Under a shake-up of the royal finances announced by Chancellor George Osborne, the amount paid to the Queen is expected to fall in real terms by 9 per cent by 2015.
The moves were condemned by a Tory MP as risking leaving the monarchy looking like "something to be bought in Tesco".
The money that is received by the royals from the civil list and other government grants to cover the cost of transport and maintaining palaces is to be replaced by a single Sovereign Grant.
Its size will be linked to the profits of the Crown Estate, a vast property portfolio which includes parts of London's West End, Ascot Racecourse and more modest sites across the country.
A "floor" will be set in the levels of payments, guaranteeing the cash given to the royals will not be cut even if the value of the estate crashes. However, there will be no "ceiling" on the size of the payments. Because parts of the seabed are also owned by the estate, the growth in offshore wind generation could provide a major boost to its future profits.
The Queen is expected to receive a grant worth around £34m in 2013-14 – equivalent to 15 per cent of the profits of the estate, which is valued at more than £6bn.

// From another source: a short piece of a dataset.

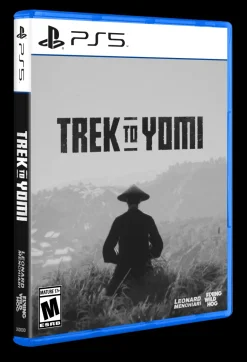 Trek To Yomi - PS5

Outlining the new system, Mr Osborne said: "We will see how the Crown Estate performs, but the current estimate is that the formula means that, by 2014-15, the last full year of this Parliament, the monarch will receive around £35m."
He also said the royal books will be opened to full examination by the National Audit Office, putting Buckingham Palace in line with the scrutiny of public bodies. And he announced changes to the rules over who receives the income from the Duchy of Cornwall, which is currently paid to the heir to the throne.
The alterations will make it clear that the money will go in future to the monarch's eldest child, regardless of their gender, which could prove a significant move if the Duke and Duchess of Cambridge have a daughter first.
Jacob Rees-Mogg, the Tory MP for North East Somerset, raised fears the financial overhaul would undermine the prestige of the monarchy.
He said: "When we say we want 'a good-value monarchy', it makes Her Majesty sound like she's something to be bought off the shop shelf at Tesco. This really cannot be the way to approach our constitution."
He added: "When I see the coronation coach being pulled through the streets of London I want to see it pulled by the finest horses money can buy. I want to see it gilded with the finest gold that can be bought."
But Labour MP Paul Flynn said: "We must apply the same financial discipline as we apply to the poorest in society to those who are in the Royal Family."